Vote for the greatest 49er
QB Joe Montana
Arguably the greatest quarterback of all time, Joe “Cool” earned his nickname during Super Bowl XXIII against the Cincinnati Bengals. The 49ers trailed by three points with 3:20 remaining when Montana gathered the team in a huddle. “There, in the stands, standing near the exit ramp – isn’t that John Candy?” Montana asked tackle Harris Barton. Montana then methodically led the 49ers 92 yards, throwing a 10-yard TD pass to John Taylor with 34 seconds left. “Joe Cool” had 31 fourth-quarter comebacks in his career.
WR Jerry Rice
The son of a brick mason who came from Mississippi Valley State, Rice never dreamed he would end up the NFL’s most prolific receiver. Rice finished his magnificent career as the league leader in receptions (1,549), receiving yards (22,895) and most 1,000-yard receiving seasons (14). The Super Bowl XXIII MVP posted a record 208 total touchdowns and finished with 23,546 combined net yards. Rice was true NFL royalty – he was a 13-time Pro Bowler and was named All-Pro 11 consecutive seasons – and is considered by many to be the greatest NFL player of all time.
QB Steve Young
Traded to the 49ers from the Bucs in 1987, Young bided his time behind Montana before establishing himself as one of the NFL’s all-time greats; he’s tied with Sammy Baugh as the only QBs to win six NFL passing titles. In 1994, Young was at his finest, finishing with a 112.8 passer rating. He threw 6 TDs in Super Bowl XXIX and was named MVP. Young was the league MVP twice, All-Pro four times and was voted to seven Pro Bowls.
DB Ronnie Lott
One of the NFL’s legendary tough guys, Lott was equally ferocious at either cornerback or safety and was an All-Pro at three positions in the secondary (cornerback, strong, free safety). He had 100-plus tackles five times in his career, and achieved infamy for having the tip of his left pinky finger amputated following the 1985 season after it was mangled tackling Dallas running back Timmy Newsome. Lott was the anchor of four 49ers’ Super Bowl defenses. He finished with 65 career interceptions for 730 yards and five TDs.
LB Dave Wilcox
“The Intimidator” Wilcox gained his moniker by daring opposing players to block him. Few were up to the task.

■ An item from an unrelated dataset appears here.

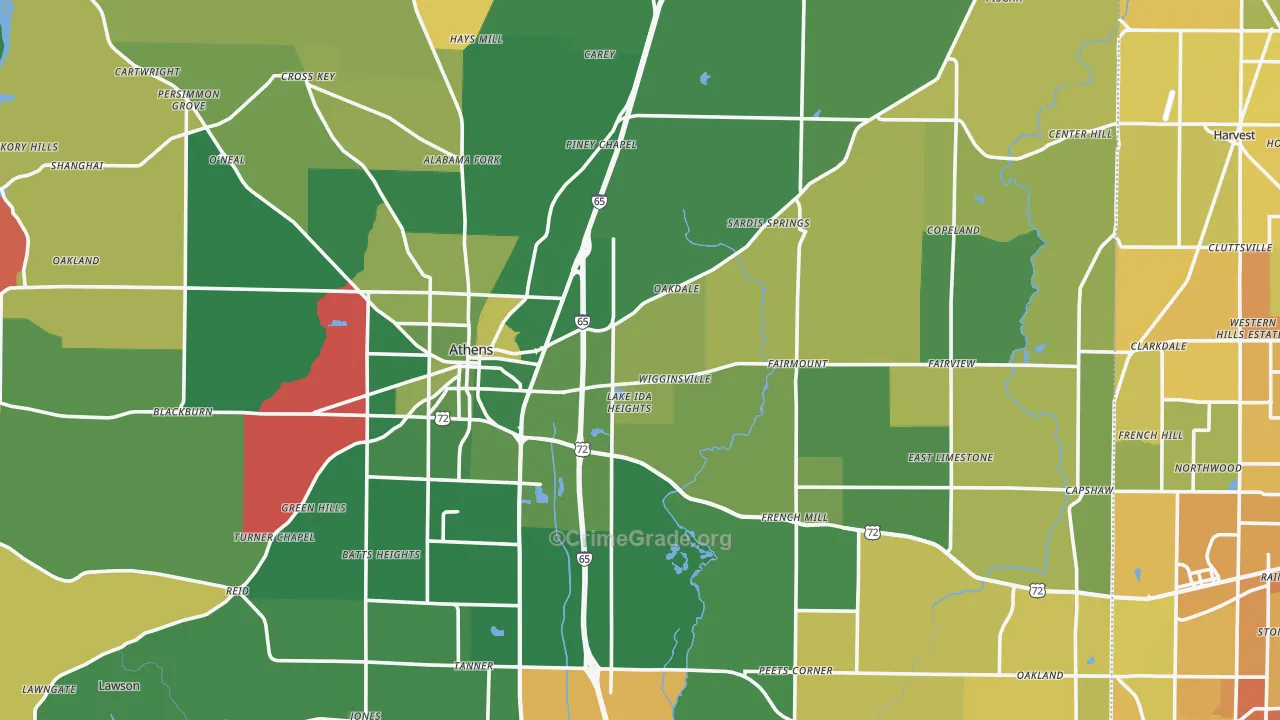Limestone County, AL Map of Vehicle Theft Rates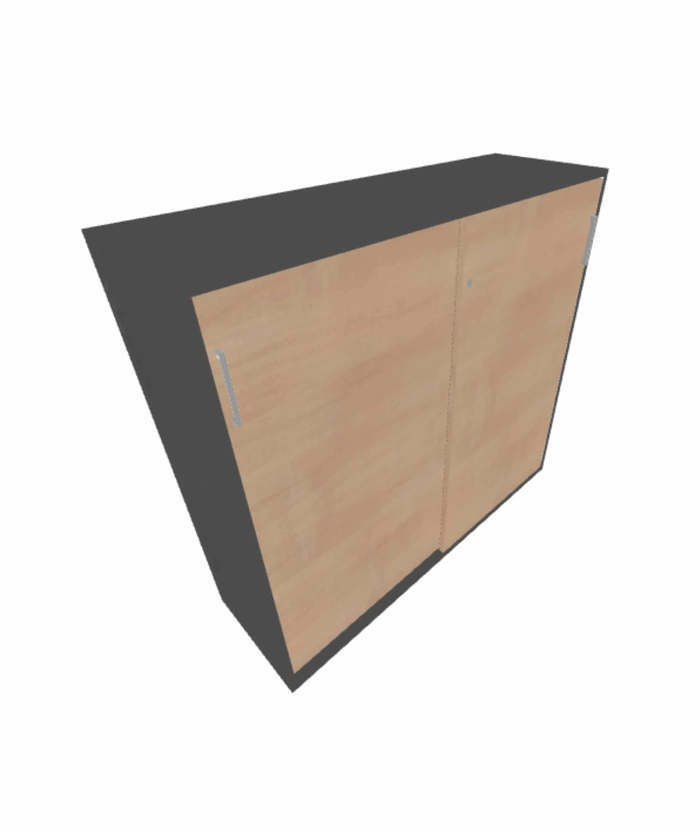 Skyvedørsskap 120cm, 3 permhøyder, Grå/Eik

One of the most dominant outside linebackers of his time, Wilcox tossed aside tight ends as if they were feathers. Smart and intuitive, Wilcox also had a nose for the ball, manhandling receivers and collecting 14 career interceptions. He was All-NFL five times, second-team All-NFL three times, was named All-NFC three times and was elected to seven Pro Bowls.